Tarihselci felsefenin öncüsü Vico, insanlık tarihinde üç farklı çağdan söz eder: tanrılar çağı, kahramanlar çağı ve insanlık çağı. Paganizmin söz konusu olduğu tanrılar çağında insanlık, tanrısal bie egemenlik tasarımı altında yaşar. Bu dönemde insanların tüm girişimlerinde ve eylemlerinde fala ve kehanete başvurdukları görülmektedir. Aynı zamanda mitolojik bir dönem olan kahramanlar çağında, Aristokratik yasalar hüküm sürmektedir. Özgür cumhuriyetlerin ve monarşilerin bulunduğu insanlık çağında ise, artık insanların doğa bakımından eşitliği söz konusudur. Vico’ya göre, ilk iki çağ, “poetik” çağlardır. Bu çağlarda insanların akıllarından çok hayal güçleri egemendir. Üçüncü çağ ise, bir akıl çağıdır.
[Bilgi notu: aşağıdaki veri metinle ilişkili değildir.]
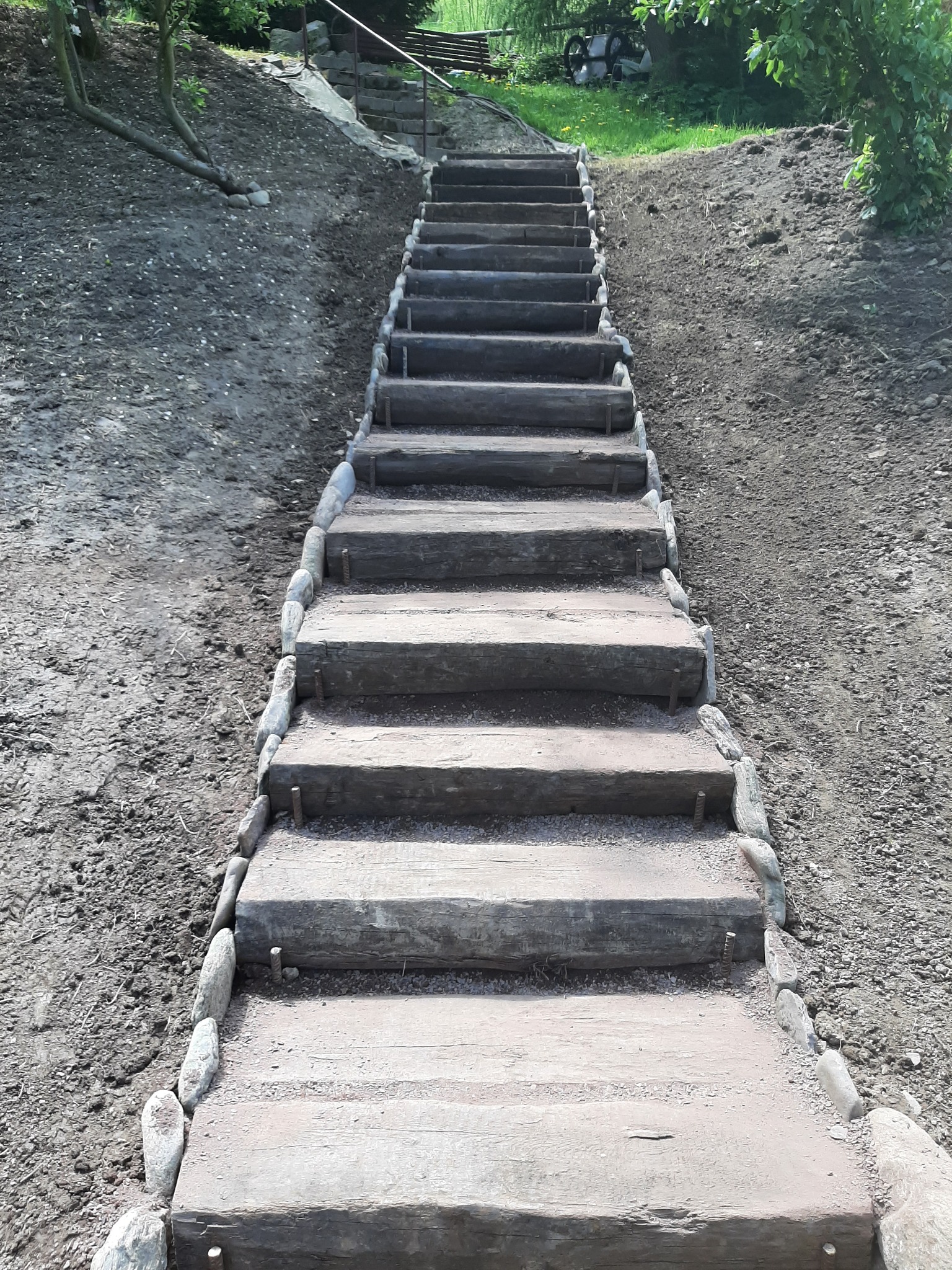 Drewniane schody z kamiennymi obrzeżami prowadzące w górę zbocza, świeżo obsypane ziemią.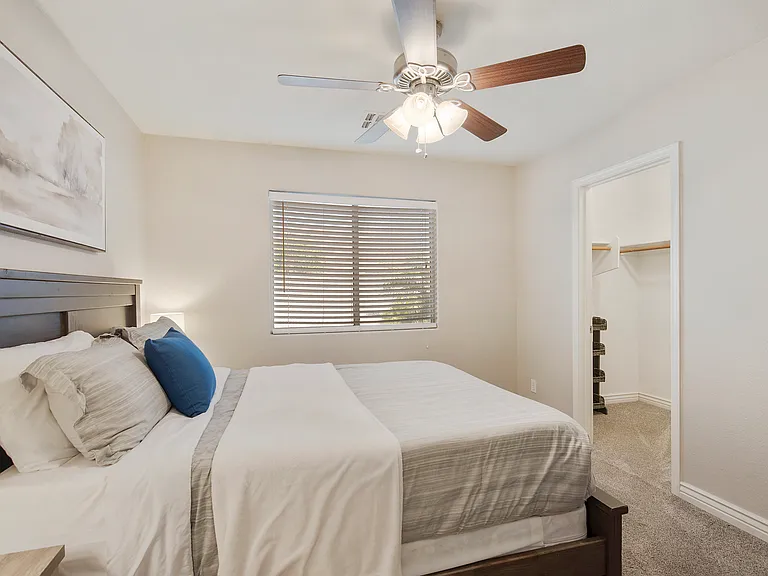 Bedroom 2 features a queen size bed, a dresser, 2 nightstands, a fan and a walk in closet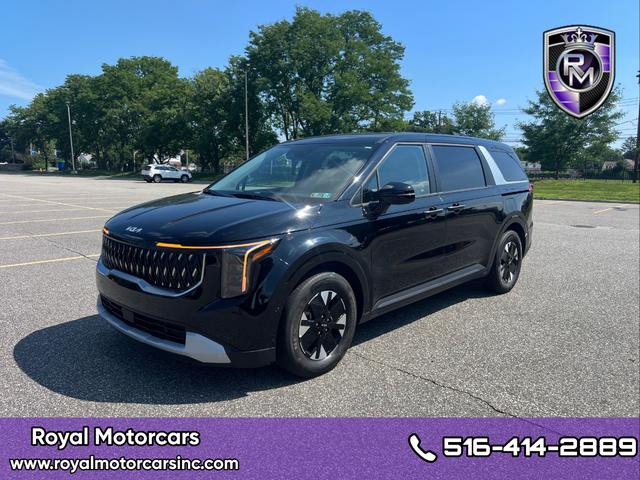 Black 2026 Kia Carnival Hybrid Minivan Front-Wheel Drive Automatic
Bu ayrıma dayanarak Vico, üç dil ve yazı türü (kutsal, simgesel, dünyevi), üç tip doğal hukuk, üç tip siyasal topluluk ayırır.1 Adı geçen çağların hukuksal karakterlerini belirlemeye çalışan Vico’ya göre, birinci çağda dinsel hak vardır, herşey tanrıların mülküdür. İkinci çağda ise kahramanlık hakkı (kuvvet hakkı) söz konusudur. Üçüncü çağda ise insansal hak ya da başka deyişle “insan hakları” ortaya çıkmıştır. Bu dönemdeki yasalar, aklın ürünüdür. Vico, hukukun bu çağlardan her birinin kendine özgü ruh ve doğasından ortaya çıktığını belirtir. Başka bir deyişle her çağın hukuk ve adalet anlayışı, o dönemin kültürü tarafından biçimlendirilmektedir. Bu ise hukukun ve onun gerçekleştirmek istediği adaletin tarihsel bir nitelik taşıdığını gösterir.
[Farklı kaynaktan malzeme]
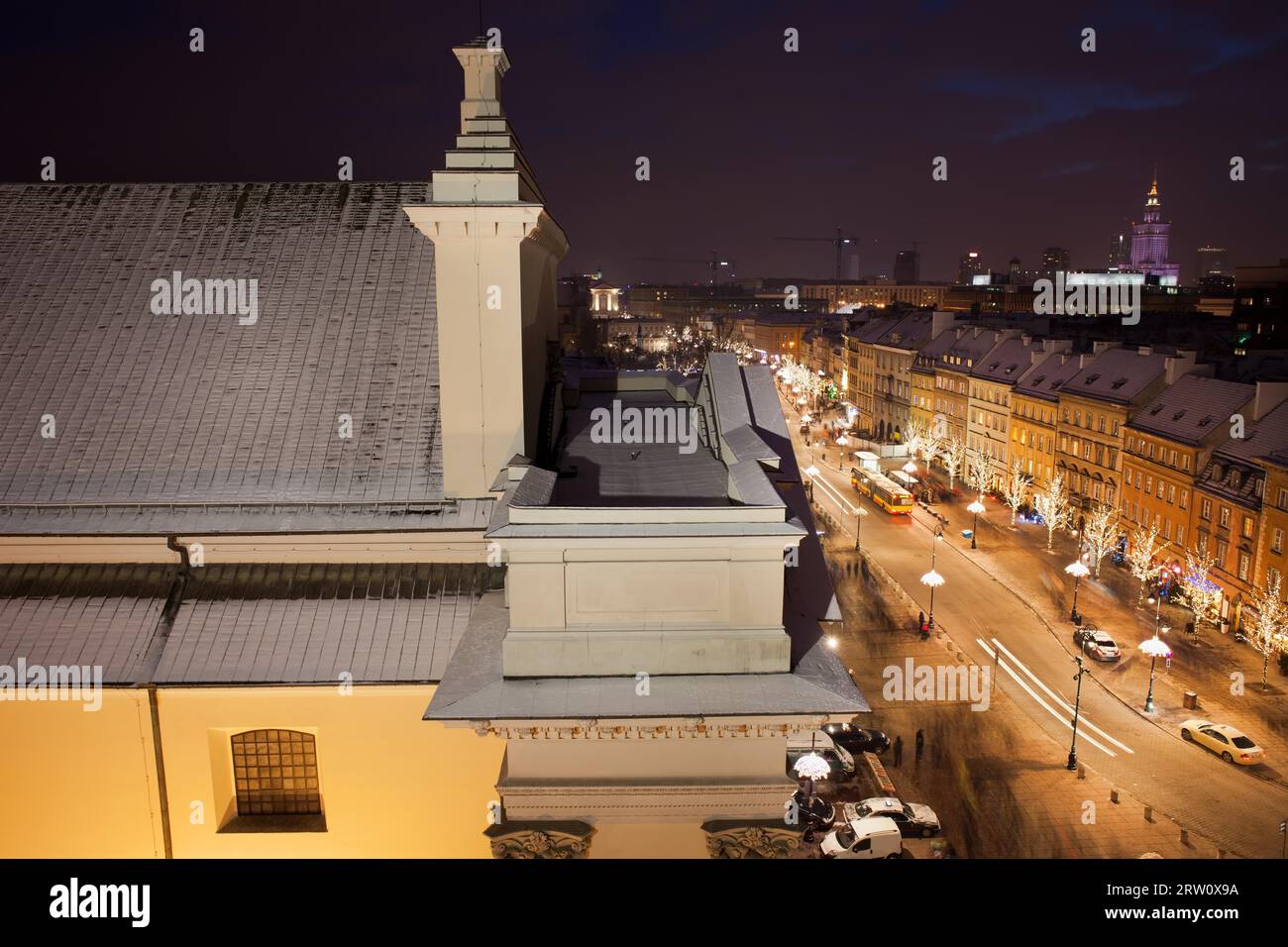 Poland, capital city of Warsaw, St. Anne Church and Krakowskie Przedmiescie street by night from above Stock Photo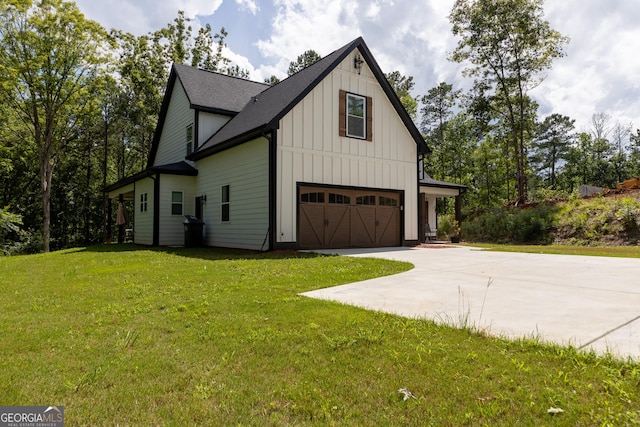 181 S Chattahoochee Dr, Hogansville, GA 30230 - view of home's exterior featuring board and batten siding, driveway, an attached garage, a lawn, and a shingled roof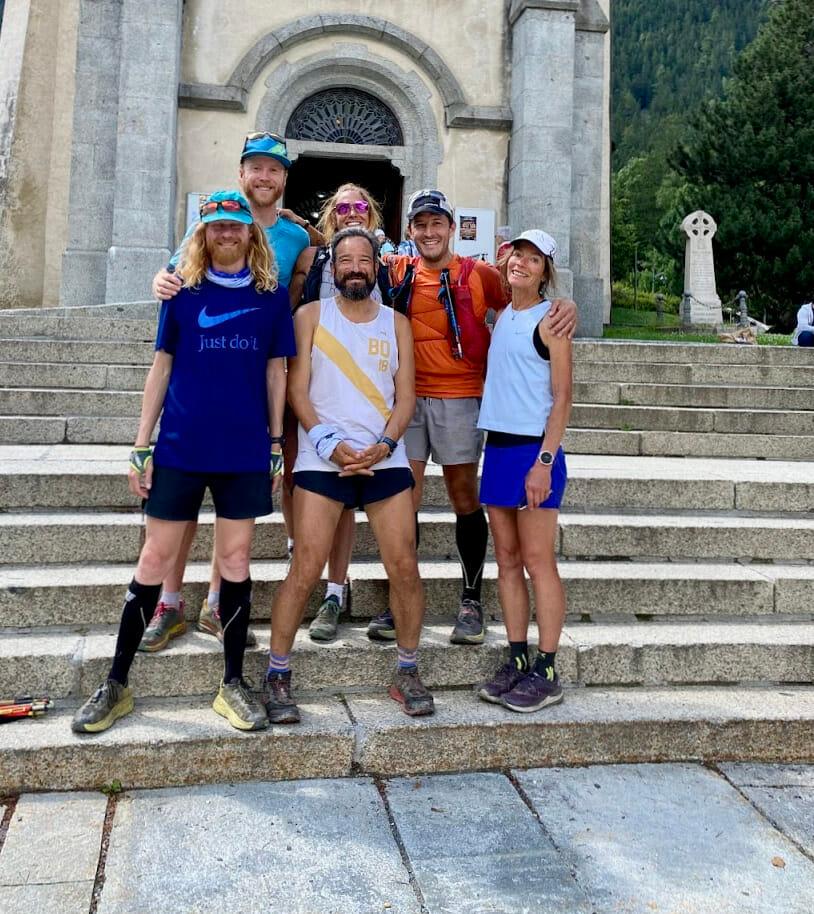 Six trail runners who finished the tour du mont blanc on the church steps in old Chamonix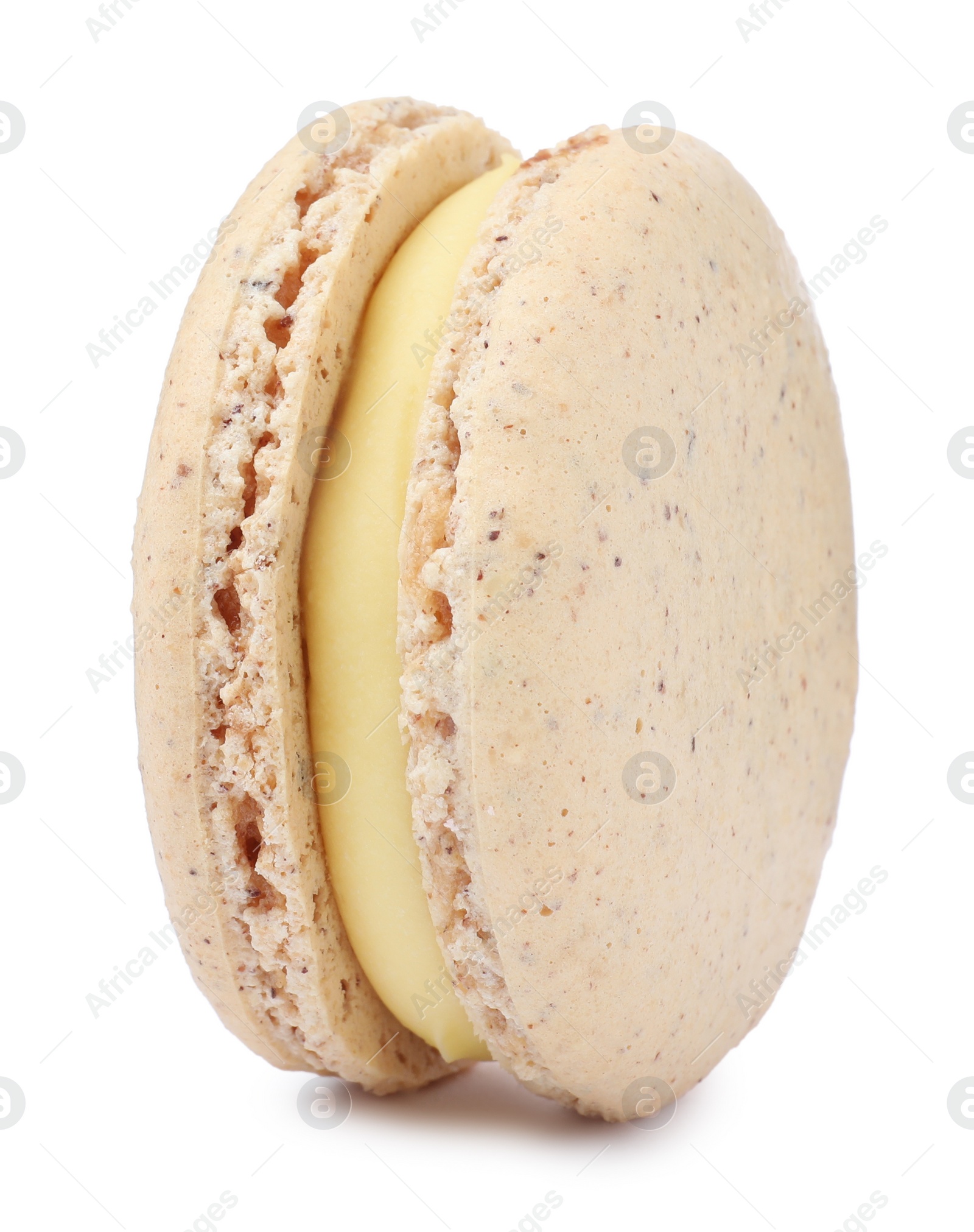 Photo of Beige macaron isolated on white. Delicious dessert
Adalet kavramına tarihsel açıdan yaklaştığımızda, bu kavramın anlamsal içeriği ve hayata geçirilmesi, gerçekleştirilmesi konusunda dikkati çeken iki dönüşüm vardır:

I)Tanrısal adaletten insani adalete doğru gerçekleşen dönüşüm,

II)Güçlülükten haklılığa doğru gerçekleşen dönüşüm. Güç sahibi olmanın haklı olmakla özdeş olmadığı, her türlü gücün de ahlak ve hukuk tarafından sınırlanması söz konusudur. Bu iki dönüşüm, hem adalet kavramının tarihselliğini ortaya koyması bakımından hem de insanlığın temel bir değerini ve ereğini yorumlama konusundaki farklılıkları göstermesi açısından da büyük önem taşımaktadır. Tanrısal adaletten insani adalete geçiş ise, aynı zamanda mutlak adaletten göreli ve tarihsel bir adalet anlayışı ve hukuk sistemine geçiş anlamına gelmektedir. Çünkü insanın ortaya koyduğu bütün kural, yasa ve değerler mutlak geçerlilik taşımazlar. İnsani olan herşey tarihsel ve görelidir. Ama elbette insan, söz konusu tarihselliği ve göreliliği aşma çabasıyla da karşımıza çıkar. Ancak bu, adaletin tarihsel karakterini ortadan kaldıran bir şey değildir. Benim burada üzerinde durmak istediğim daha çok ikinci dönüşümdür.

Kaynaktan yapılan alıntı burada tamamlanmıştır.